When Mental Illness Establishes ‘Residency’


Over the years, I have spoken to countless individuals who are suffering from anxiety, depression and a host of other disorders. Most were faithful members of the church, doing all that they can to keep the commandments and obey the gospel principles. Despite faith and priesthood blessings, their illnesses remain. Their stories are heartbreaking and though often filled with pain, their hope and faith is something to admire.

“How many people in your circle of friends are suffering from some form of mental illness? One? Two? None? Chances are good that your estimate is too low.

A major study by the National Institute of Mental Health suggests that as many as 20 percent of adult Americans suffer from a disabling mental disorder. The most serious and chronic of these disorders—schizophrenia, manic-depression, and chronic major depression—often require hospitalization and medication. In fact, serious mental disorders fill more hospital beds in the United States than cancer, heart disease, diabetes, and arthritis combined. But milder forms of clinical depression and severe anxiety can also disrupt individual and family lives and require professional treatment. (See “How Many Are Suffering?” p. 53. Jan Underwood Pinborough, “Mental Illness: In Search of Understanding and Hope,” Ensign, Feb 1989, 51) With the addition of COVID-19 issues and other stresses, I’m sure the numbers have increased dramatically since this article was published.

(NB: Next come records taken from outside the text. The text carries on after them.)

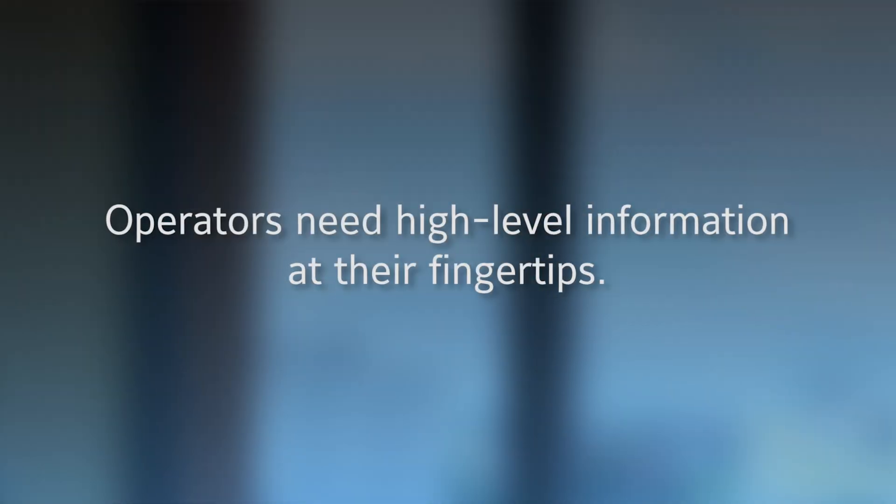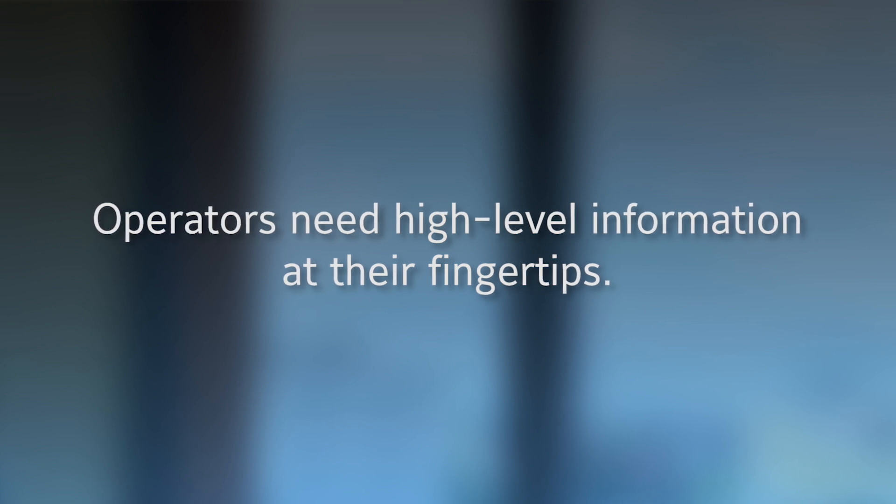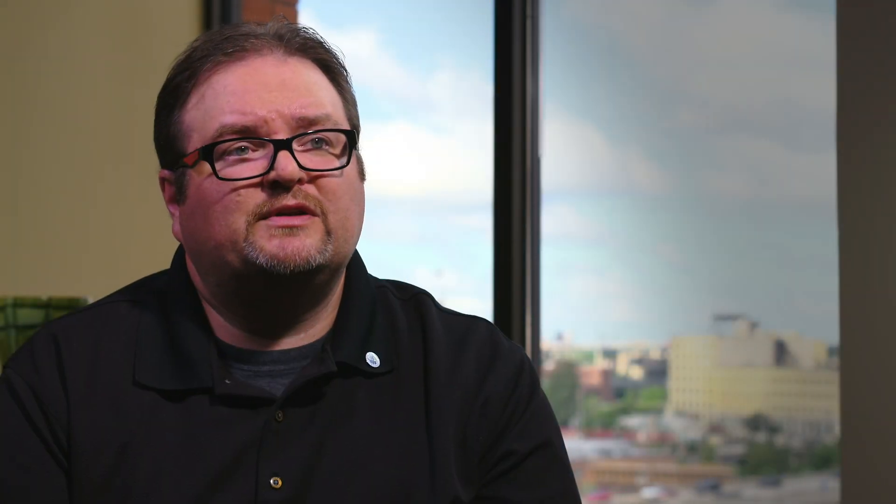To me, a dashboard fits into that concept of wanting some high-level information at my fingertips. We try to find common ground that still gives the advanced features a click away from the basics and the easy-to-understand stuff that's up on the surface.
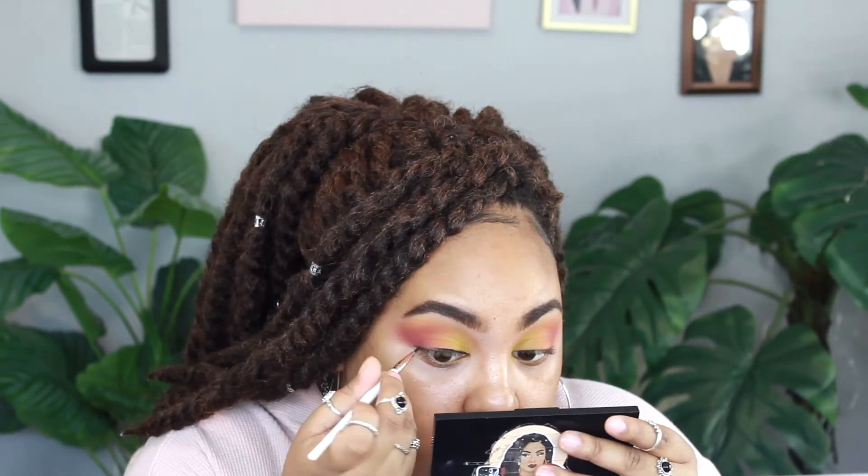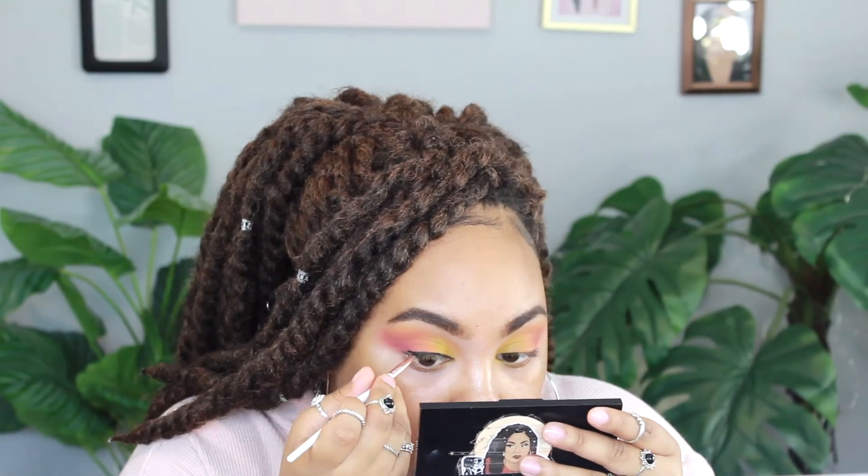I kind of like the contrast a dark lash line gives. See the difference? I just love that look.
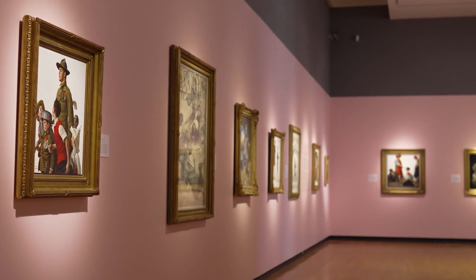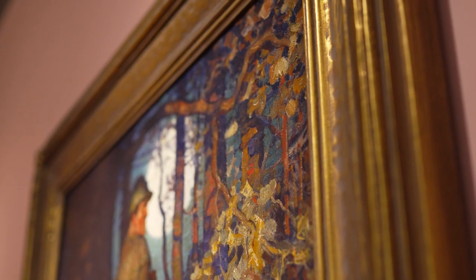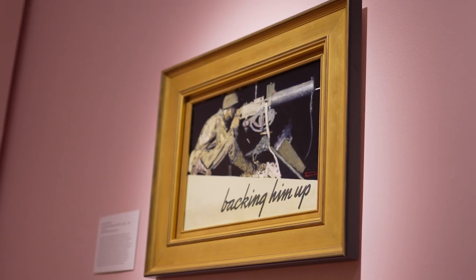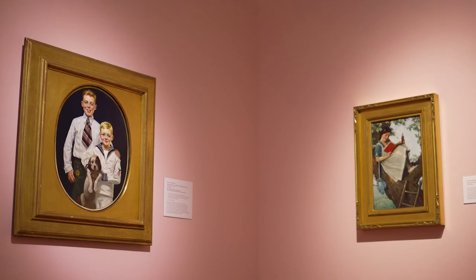Rockwell Wyeth: Icons of Americana is one of our hugest shows ever, not just in terms of the number of objects on display — which is about 365 works in the show — but also in terms of its inherent popularity and familiarity to audiences all over the world. You ask anybody if they've heard the name Norman Rockwell, pretty much everyone will say yes, they have.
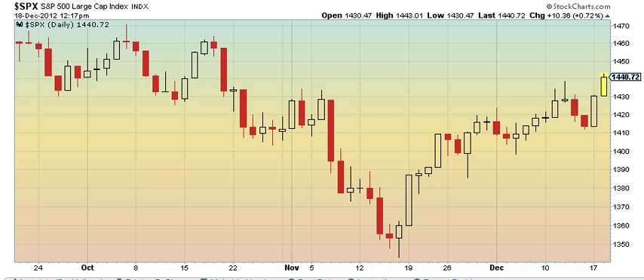Here's a noon update for December 18, 2012. On the S&P 3-month chart, it looks like we have wave 1, flat wave 2, into wave 3, or expand flat.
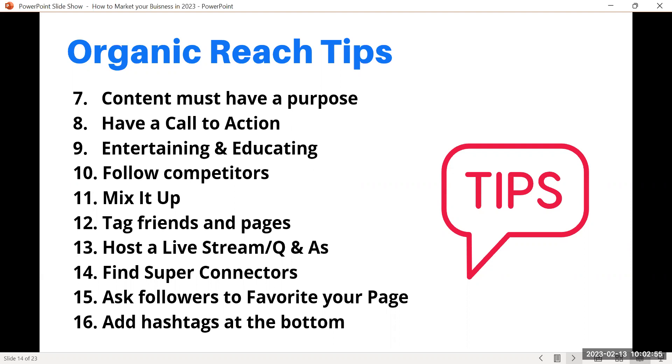Sometimes it's just branding — getting people interested in what you're selling or what your services are. But try to have a purpose and a call to action: what do you want them to do? Call you? Email you? Tell people what they need to do. Try to be entertaining and educational — we call it 'edutaining.' Follow your competitors to see what they're doing. If they're not doing much, that's to your advantage. If they haven't posted in two months, that makes customers nervous.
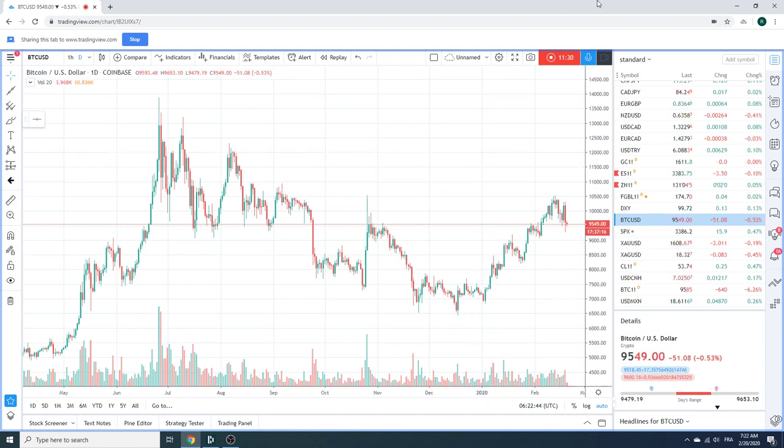The US obviously has ADP today, Philly Fed, jobless claims — the usual stuff on Thursday. Nothing too serious there. PMIs tomorrow in Europe for euro — that's interesting. Anyway, have a good trading day out there, people. Core long dollar-yen. Try and buy the dips. Talk to you tomorrow. Ciao.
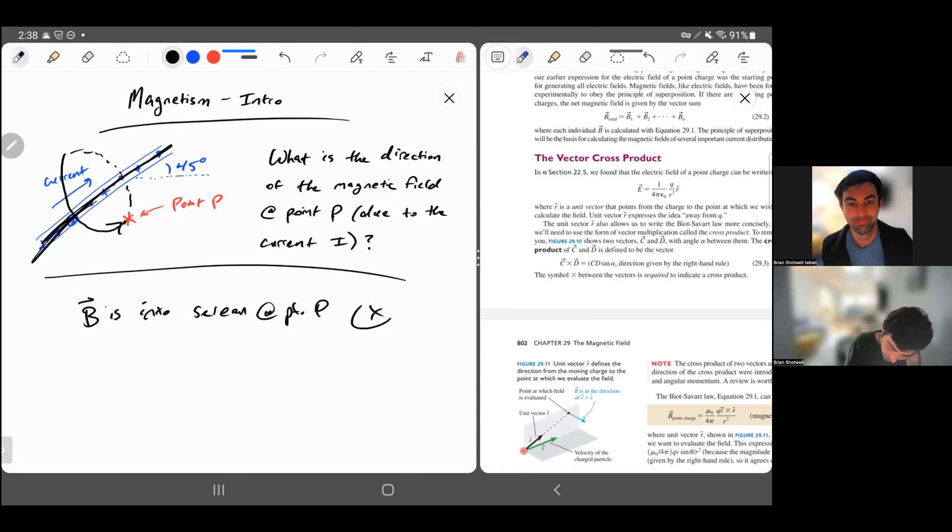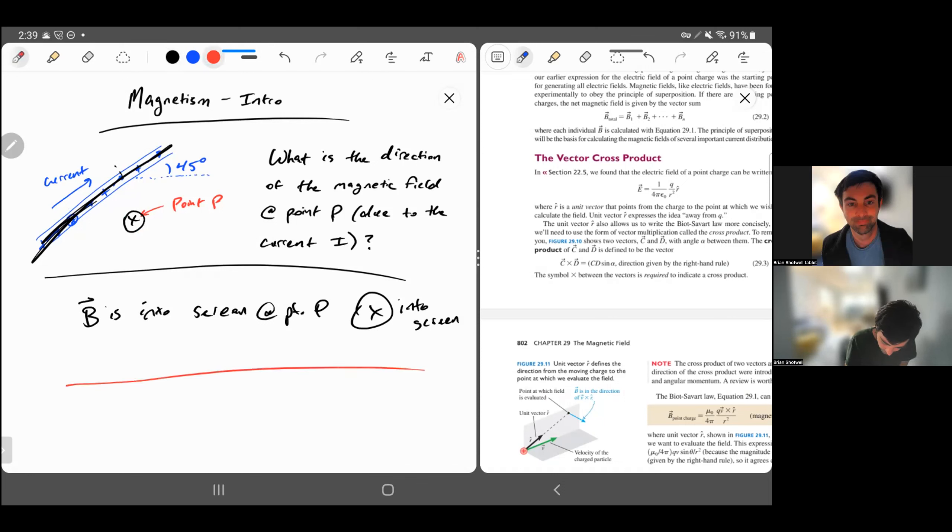The symbol for into the screen is an X with a circle around it — that means into the paper or screen. You can think of it as looking at the back of an arrow going away from you, where you see the feathers. Conversely, if something is coming out of the screen toward you, you draw a dot with a circle — like the tip of an arrow coming at you. So the magnetic field at point P is the X with a circle. If you want another point where the field comes out of the page, you'd draw the dot with a circle. More to come in the next videos.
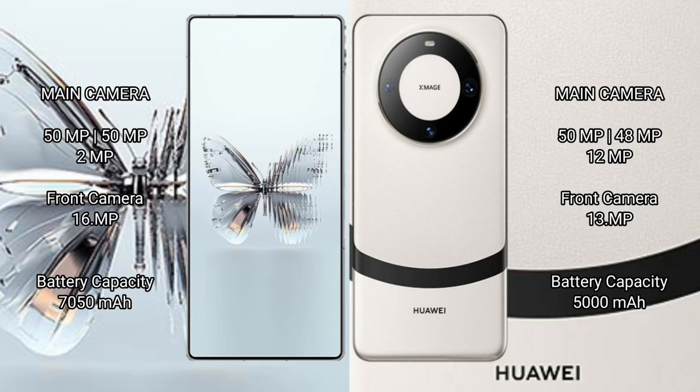Red Magic 10 Pro Plus features a triple rear camera setup: 50MP + 50MP wide + 28MP, and a front camera of 16MP. Huawei Mate 60 Pro features a triple rear camera setup: 50MP + 48MP wide + 14MP telephoto + 13MP, and a front camera of 13MP.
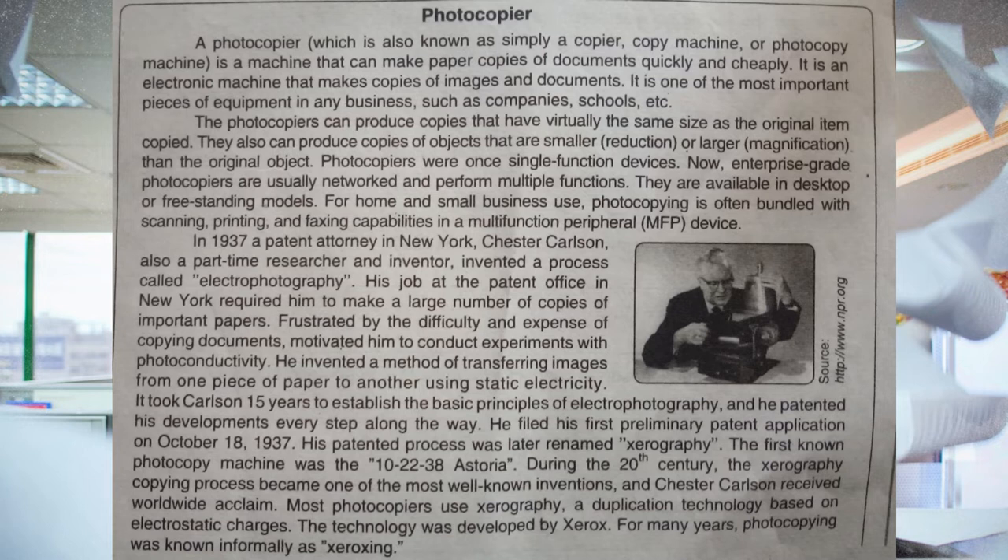Photocopiers can produce copies that have virtually the same size as the original item copied. They also can produce copies of objects that are smaller (reduction) or larger (magnification) than the original. Photocopiers were once single-function devices. Now, enterprise-grade photocopiers are usually networked and perform multiple functions, available in desktop or freestanding models. For small business use, photocopying is often bundled with scanning, printing, and faxing capabilities in a multifunction peripheral device.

As we go through life we are faced with many of the challenges of this mortal life. The human body with all of its imperfections, including mental, is certainly one of them. If mental illness, in all its forms, hasn’t personally touched us, we will surely have a loved one who will suffer with such an affliction. I would hope that each of us would try to overcome the tendency to judge and condemn others who suffer under such pain. I have often found that many suffer in silence. They walk the lonely road, alone. When in doubt, do as the Savior would do; lift!

The day may come when Mental Illness will take residency in our bodies but our souls are ‘of a different matter.’ And even though most of us understand that the Lord loves us, we will still look for the outstretched arms of others for support. May the Lord bless us with the wisdom, courage, and strength to persevere such trials, be we the lonely traveler, or the loving “Good Samaritan” who is charged to help those where mental illness has established a residency!